#### RECORDS PROVIDED
-*-
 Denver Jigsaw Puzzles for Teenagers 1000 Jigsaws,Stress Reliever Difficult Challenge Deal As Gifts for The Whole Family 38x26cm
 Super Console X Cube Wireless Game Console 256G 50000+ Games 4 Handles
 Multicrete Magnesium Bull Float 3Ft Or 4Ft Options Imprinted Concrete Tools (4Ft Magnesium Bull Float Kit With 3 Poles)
-*-
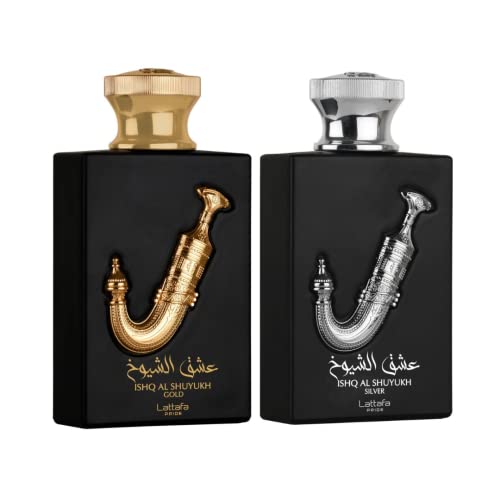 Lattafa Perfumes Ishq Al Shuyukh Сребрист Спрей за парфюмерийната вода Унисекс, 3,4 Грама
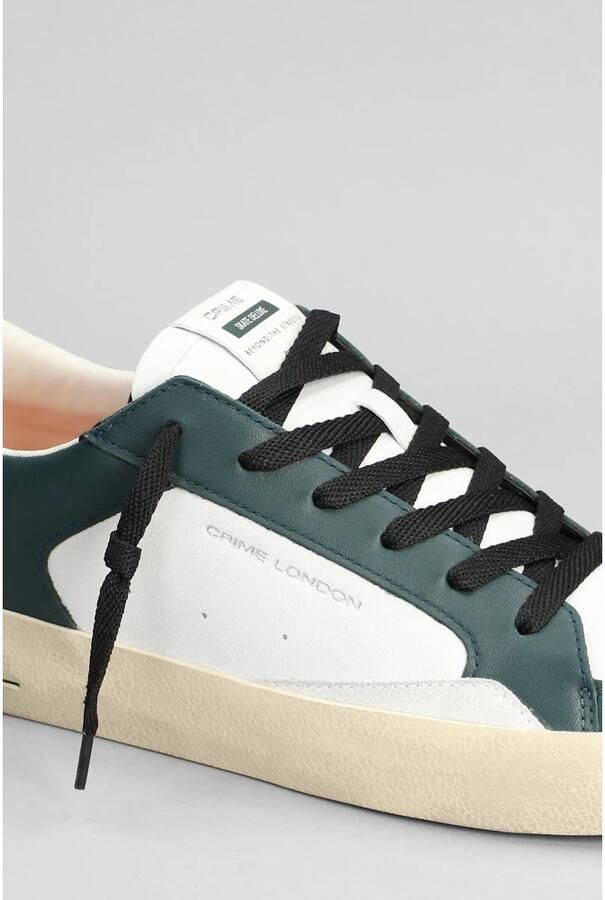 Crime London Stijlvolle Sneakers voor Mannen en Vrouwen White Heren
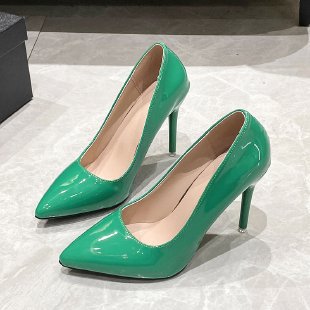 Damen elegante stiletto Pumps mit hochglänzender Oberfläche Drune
-*-
#### TASK PROMPT
The expected answer is an exact copy of the lines above, beginning at the line with "Denver Jigsaw Puzzles" and ending at the line with "Multicrete Magnesium Bull", with both ends in.

#### SOLVED PROBLEM
 Denver Jigsaw Puzzles for Teenagers 1000 Jigsaws,Stress Reliever Difficult Challenge Deal As Gifts for The Whole Family 38x26cm
 Super Console X Cube Wireless Game Console 256G 50000+ Games 4 Handles
 Multicrete Magnesium Bull Float 3Ft Or 4Ft Options Imprinted Concrete Tools (4Ft Magnesium Bull Float Kit With 3 Poles)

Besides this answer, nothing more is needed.